● Work to complete: An exact copy of the listing is required, with its pictures removed.

● Material for this task:
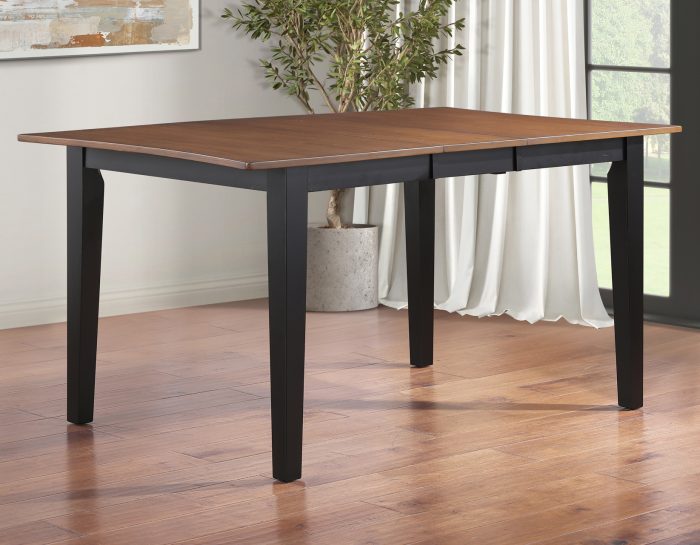 Joplin 50-62" Dining Table with 12" Leaf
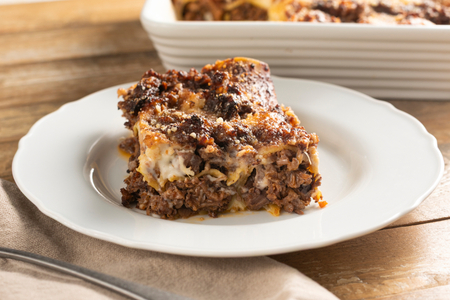 Cannelloni with short-rib ragù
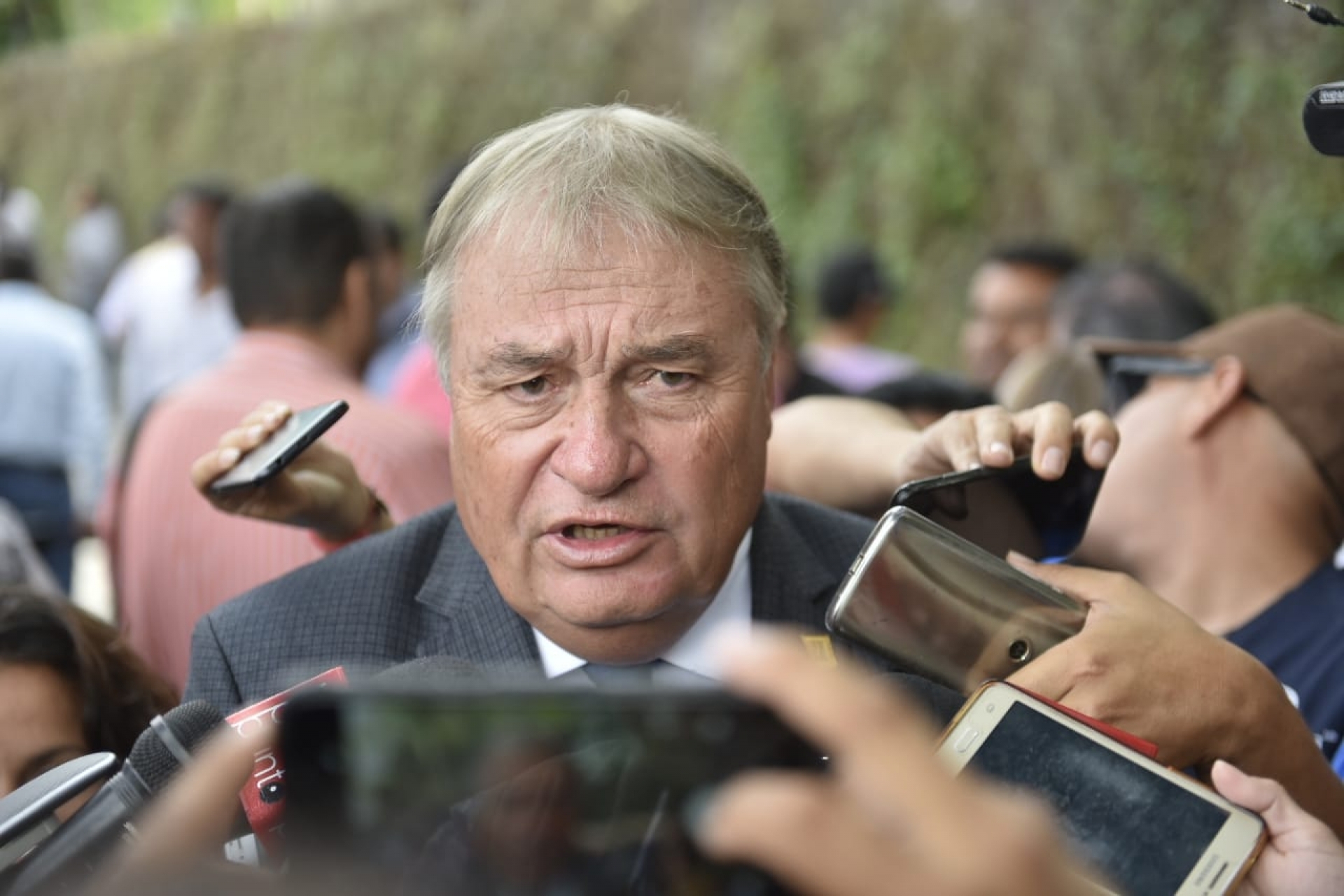 El reemplacamiento, atribución del Ejecutivo: Sanz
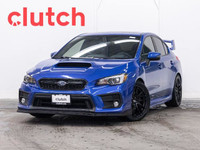 2020 Subaru WRX Sport AWD w/ Eyesight Pkg w/Apple CarPlay & Andr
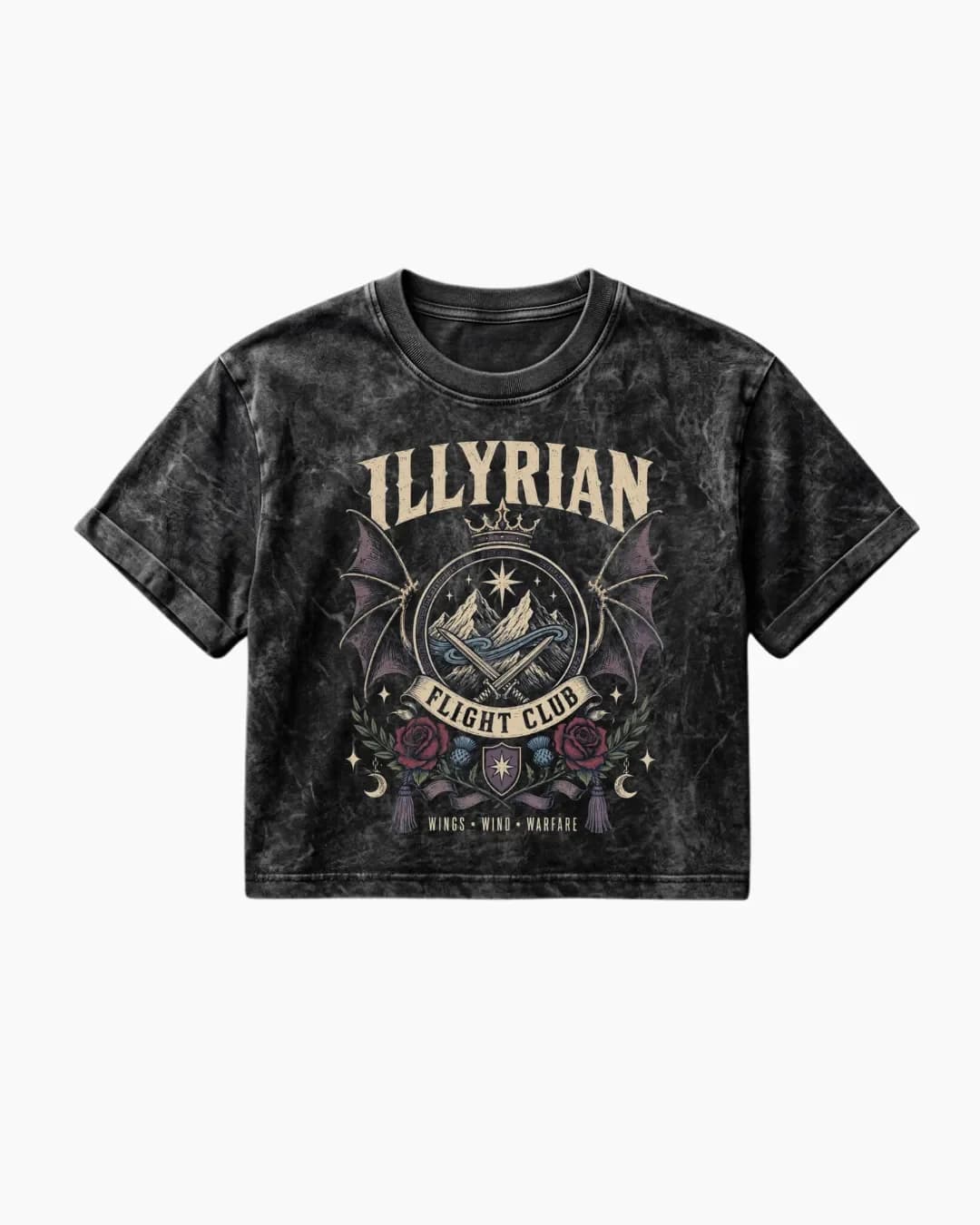 Croptop ACOTAR – Illyrian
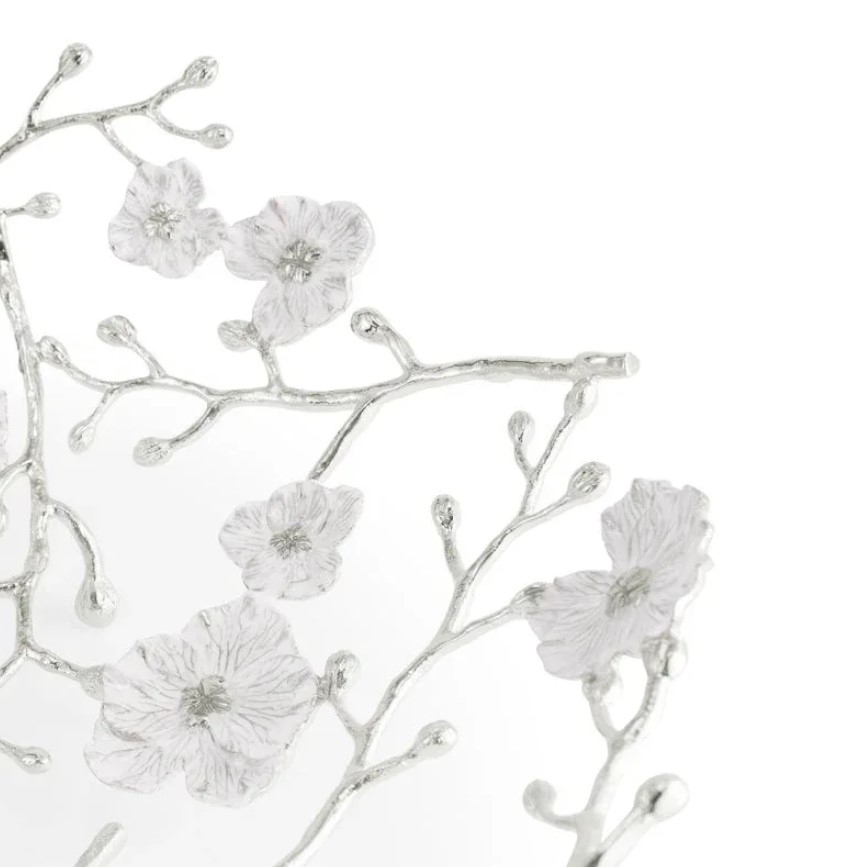Orchid Silver Фруктовница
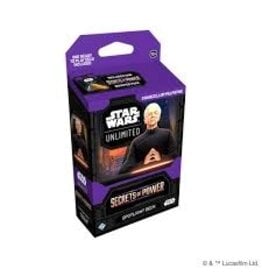 Fantasy Flight Games Star Wars: Unlimited - Secrets of Power: Palpatine Deck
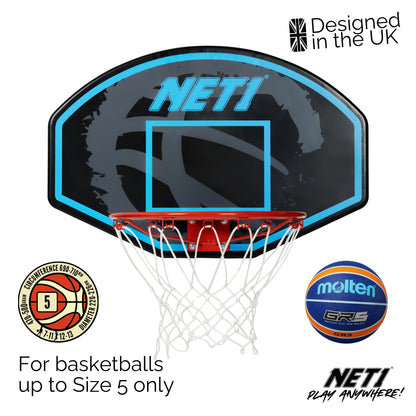 Molten Wall Mounted Backboard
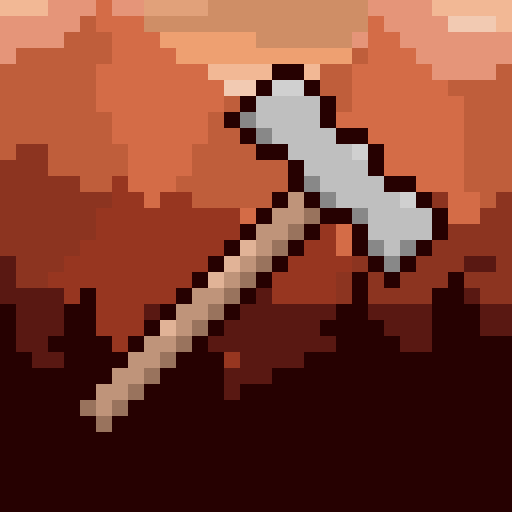 Egress: Platformer. Pixel games. 8 bit games. icon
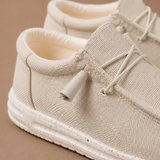 Men's Breathable Summer Loafers – Lightweight Linen | Areleon
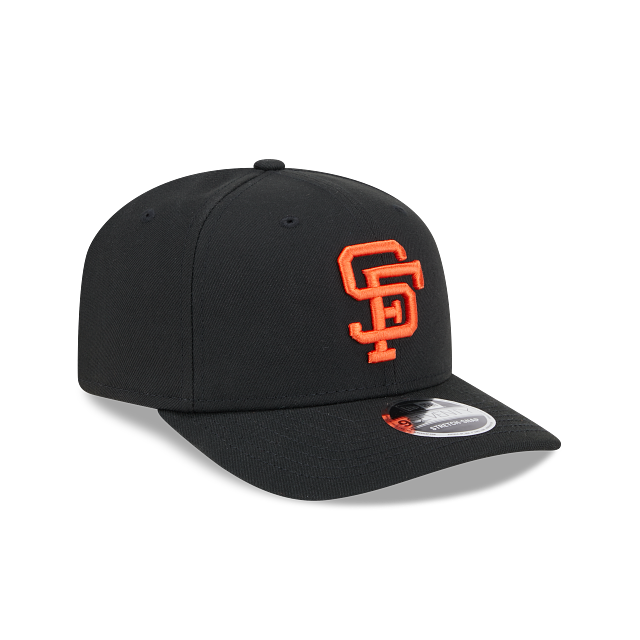 New Era San Francisco Giant Cooperstown 9SEVENTY Adjustable Cap - Black
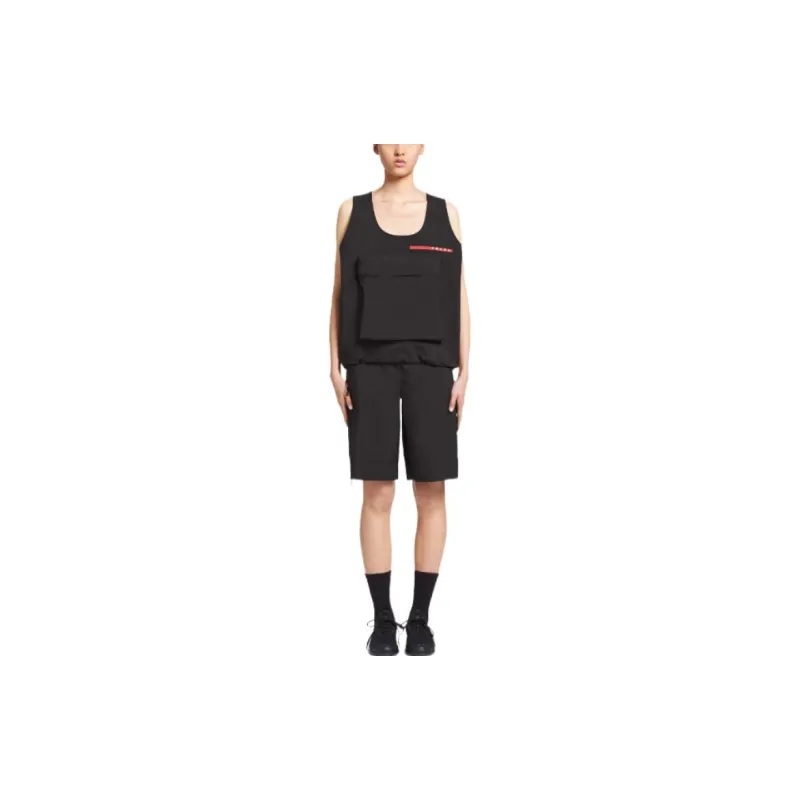 PRADA Vests Women's Black-1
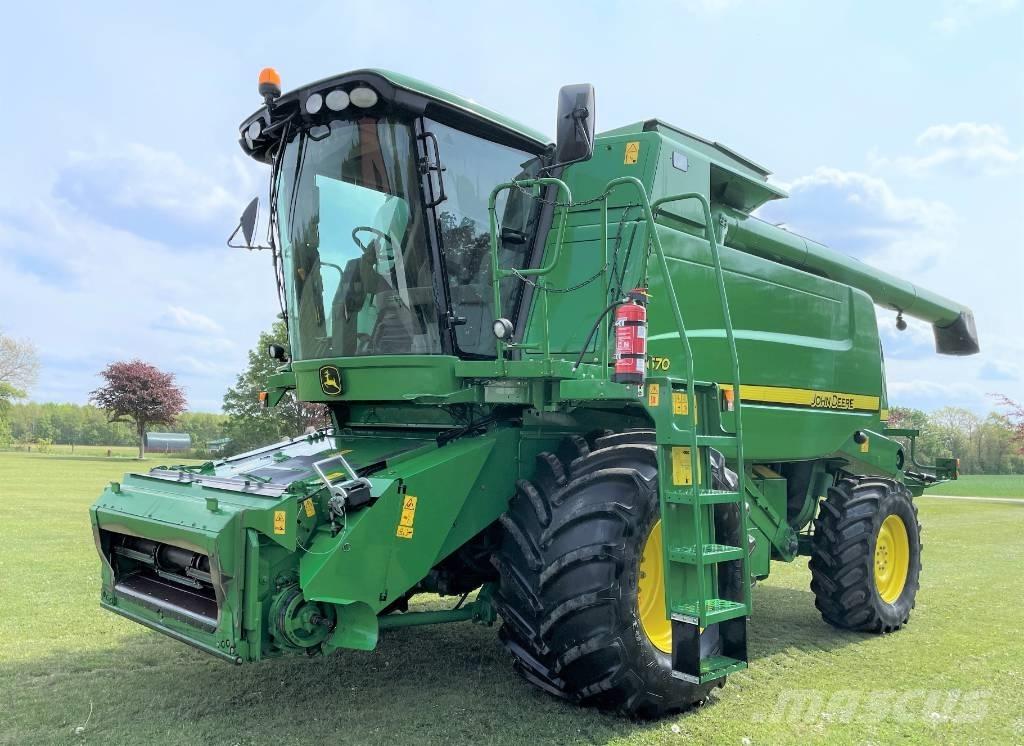 John Deere T 670 i Skördetröskor
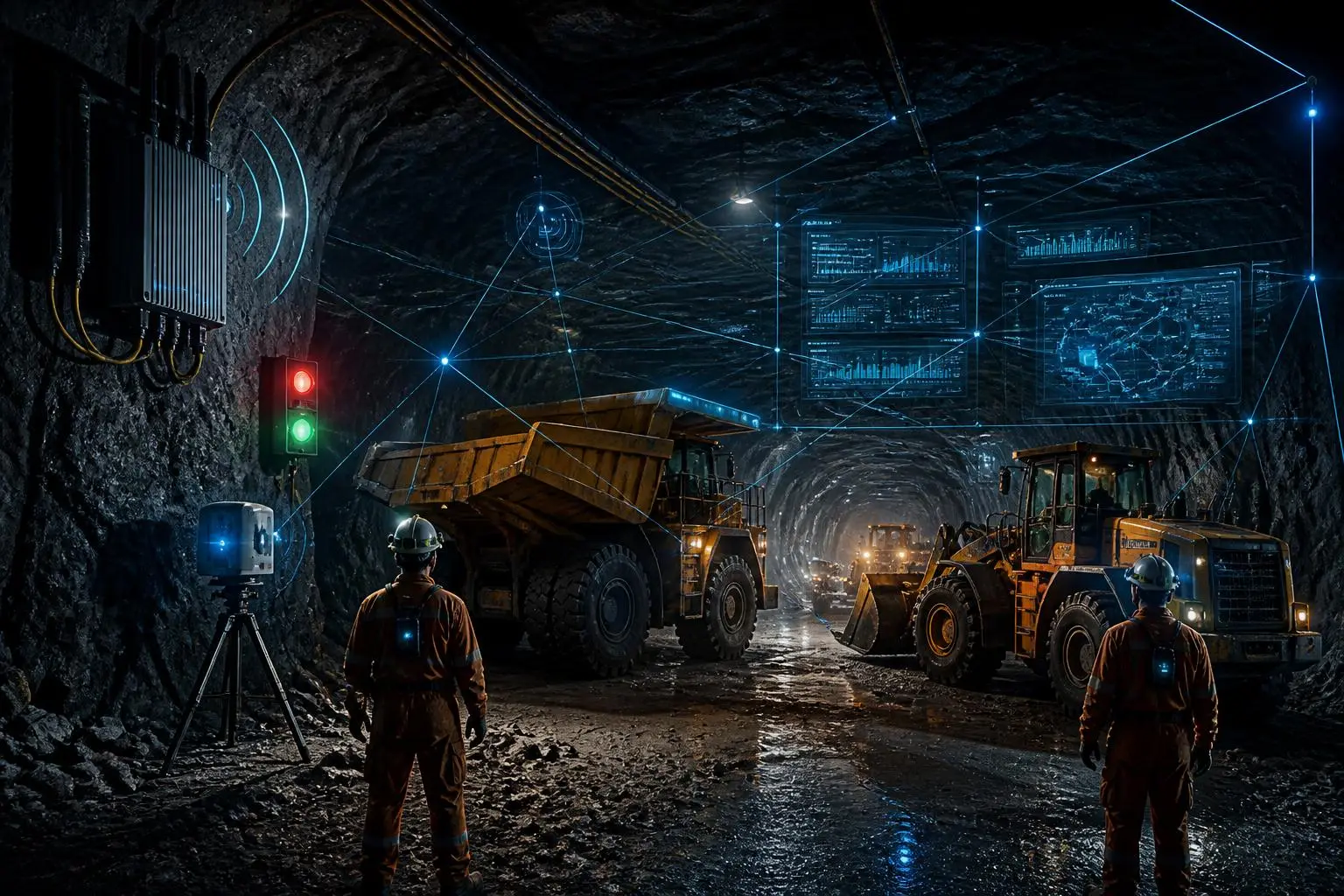 Ecosistema completo de soluciones Becker-LASEC para minería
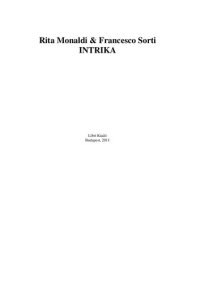 cover of the book Intrika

● Exercise result:
 Joplin 50-62" Dining Table with 12" Leaf
 Cannelloni with short-rib ragù
 El reemplacamiento, atribución del Ejecutivo: Sanz
 2020 Subaru WRX Sport AWD w/ Eyesight Pkg w/Apple CarPlay & Andr
 Croptop ACOTAR – Illyrian
Orchid Silver Фруктовница
 Fantasy Flight Games Star Wars: Unlimited - Secrets of Power: Palpatine Deck
 Molten Wall Mounted Backboard
 Egress: Platformer. Pixel games. 8 bit games. icon
 Men's Breathable Summer Loafers – Lightweight Linen | Areleon
 New Era San Francisco Giant Cooperstown 9SEVENTY Adjustable Cap - Black
 PRADA Vests Women's Black-1
 John Deere T 670 i Skördetröskor
 Ecosistema completo de soluciones Becker-LASEC para minería
 cover of the book Intrika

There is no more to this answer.